There I stood, looking at his grave. My heart was bleeding hard, indeed an Angel had fallen. Monna gare ga banna. He is no more in the land of the living and I can only hope that he is resting in peace – sure he deserves that much. I constantly come here just to feel closer to him. He will always remain a father and a mother in one. I lost both parents when I lost him.
I put the bottle of Hennessy down and started to clean his tombstone. I hesitated to get up and go home but eventually I did.
Upon my arrival at home, I was a mess. I looked at his beloved chair and imagined him and his wife fighting, or should I say his wife yelling at him. Fighting had become a normality as it was their daily bread. What kind of a father would I become? When will my resentment for that woman stop? Why was she like that? Why was she always angry? I asked myself.

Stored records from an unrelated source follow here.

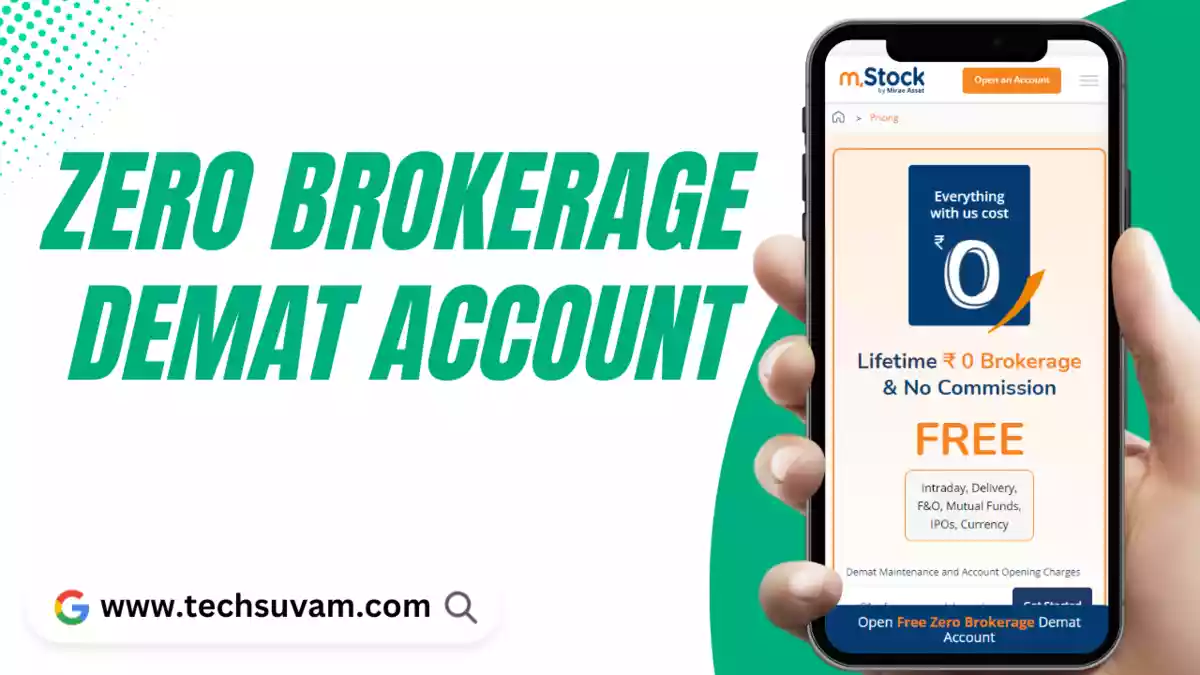 Top 10 Best Zero Brokerage Demat Account in India 2024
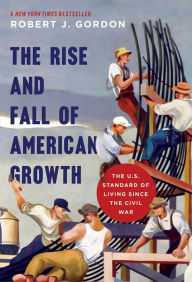 Title: The Rise and Fall of American Growth: The U.S. Standard of Living since the Civil War, Author: Robert J. Gordon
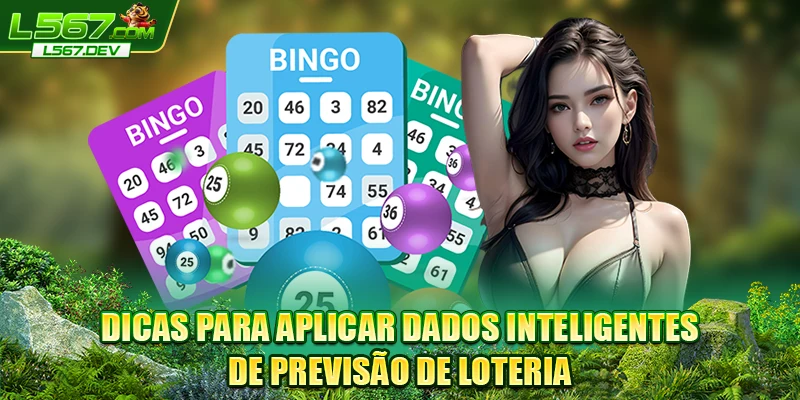 Dicas para aplicar dados inteligentes de previsão de loteria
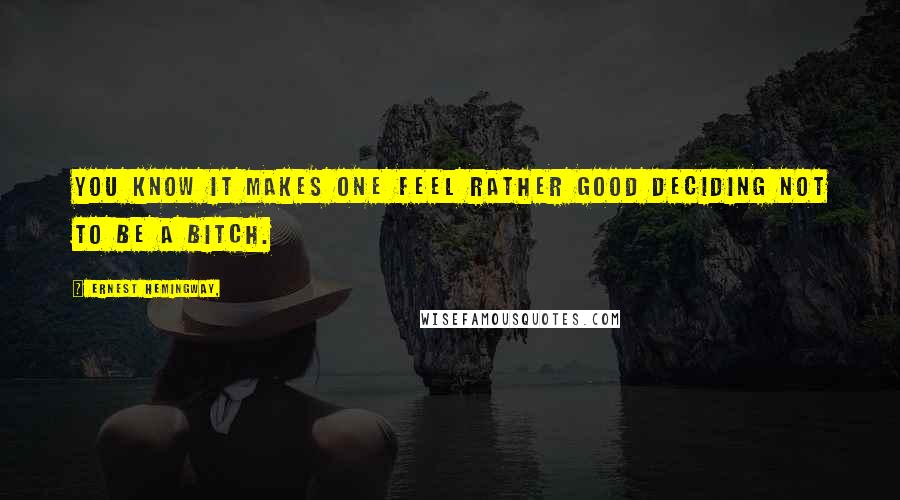 Ernest Hemingway, Quotes: You know it makes one feel rather good deciding not to be a bitch.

My mother was the head of the family and the man of the house. The abuse my father endured in that relationship was sickening and to think I saw it every now and then breaks me. Indeed, men out there experience abuse from their partners too.
He was a father any child would wish to have, an ideal husband, but why couldn’t his wife see that? I couldn’t even utter the word ‘mom’ to her, all because it feels surreal. I had a mother in my father and that was enough. Her presence and absence were unnoticed among us. She failed to acknowledge my father’s value. My sister followed my father’s sister all because she didn’t lead by an example. According to science, she is our mother but she’s a stranger according to us.

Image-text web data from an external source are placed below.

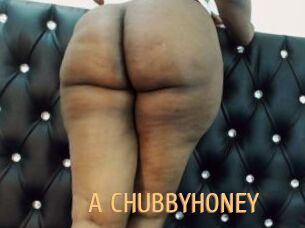 A_CHUBBYHONEY
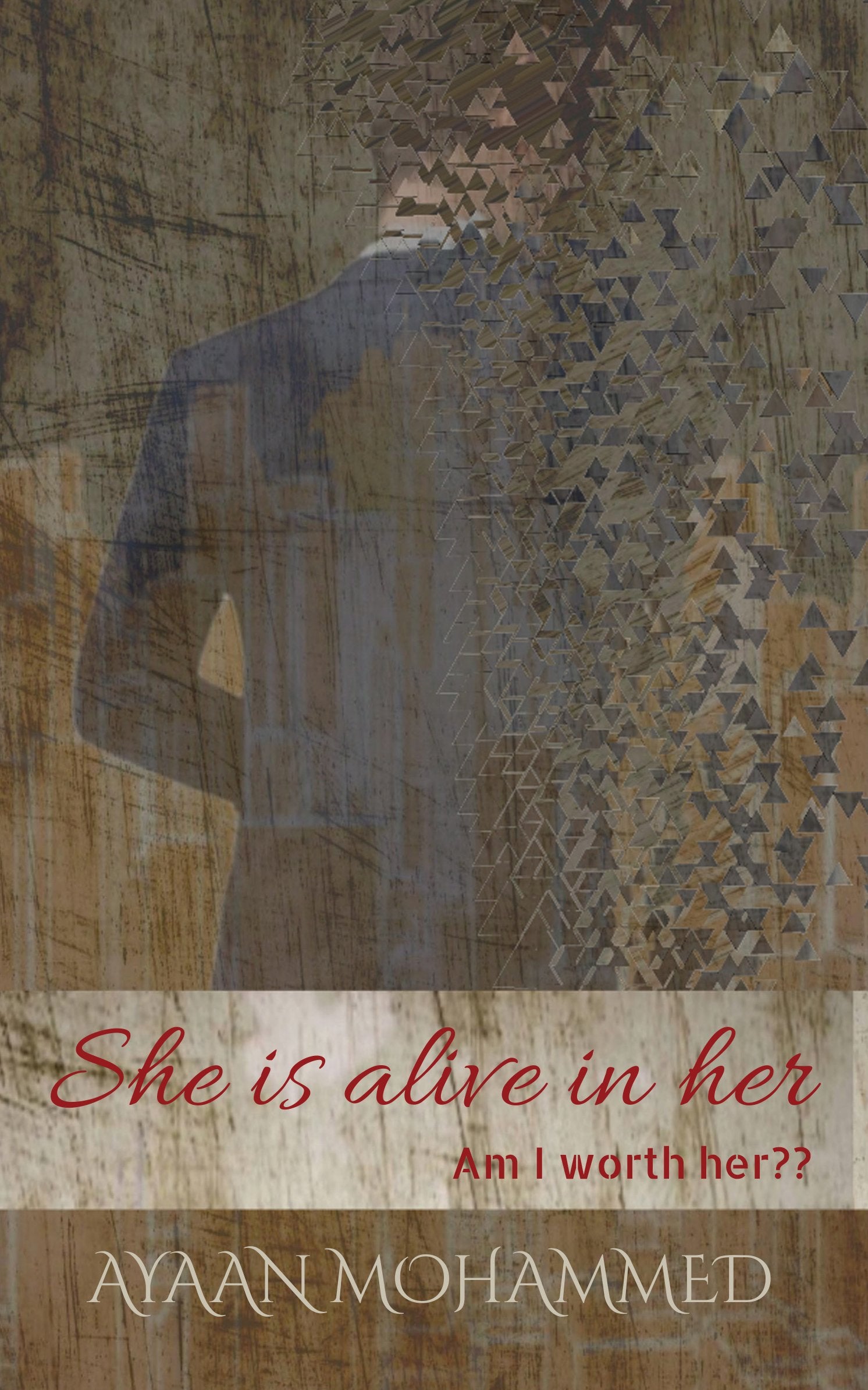 She Is Alive In Her : Am I Worth Her?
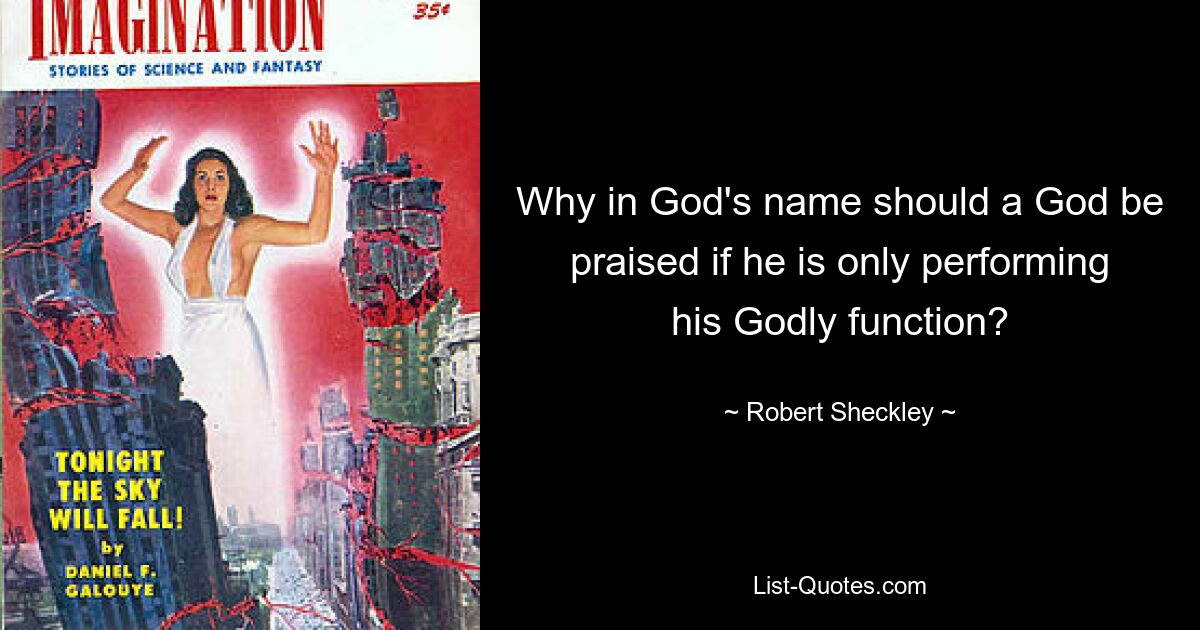 Why in God's name should a God be praised if he is only performing his Godly function? — © Robert Sheckley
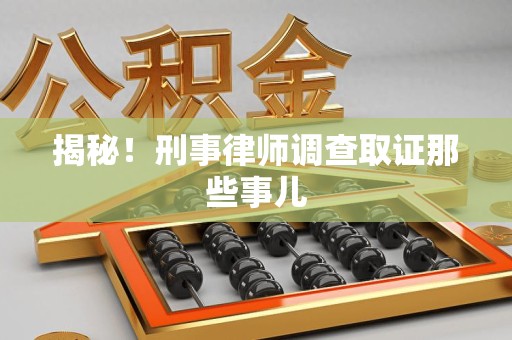 邵武揭秘！刑事律师调查取证那些事儿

She always made fun of my father’s inability to find work, and was always belittling him. But he still always took her side for some unknown reasons. I still remember that day as if it was yesterday. I was going to start middle school when we had breakfast as a family, I was excited and nervous. Dad was evidently so proud but she was so sour. According to her, I wasn’t supposed to reach that far.
I was disappointed. My excitement disappeared in a speed of light.
“You will never amount to anything in life and you will end up just like your useless and stupid father,” she’d said. That was the last time I ever saw her. She packed all her bags and moved out of the house and eventually our lives. God favoured her; she became a famous actress then later a model. Always on television, billboards you name them. Dining with celebrities, fame kicked in and forgotten we were.
My father continued to raise me and my sister and remained strong for us. But clearly we were blocking her progress. Not even for once did my father ill-spoke her in our presence. He had to buckle it up and move on. He had to teach my sister all about girlhood. I would be lying if I said it was easy.
When I completed matric, I persuaded my father to stop working as old age was kicking in. I found work at some supermarket as a cashier and the owner was taken by my patience and hard-working persona. I helped her with strategies of attracting new customers, and they worked ! She offered to train me and teach me everything she knew about business, in her I saw a mother. Calm and loving. I bought a mobile and opened a tuckshop. The community supported me.
Years later, I built my own supermarket and managed to take my sister to university and I was able to financially support my father. I even extended and renovated our house. My sister studied law and I managed to register with Unisa to study psychology. I never gave up on school or my dreams but circumstances then, didn’t allow me to continue. Our mother never looked back. Words on the street says she got married, and possibly other children. Regardless, I will love them. Her career continued to bloom.
One thing she failed to do was to build a necessary foundation for us. I had to rely on my unemployed father when my mother was a billionaire. At the end a necessary foundation had to be built and she somehow managed to avoid building it at any cost. Dad told us on his deathbed that he wasn’t our biological father, but I refused to accept that. My mother left us with our step father, she forced him to take responsibility of the children that weren’t his. She didn’t care about our safety.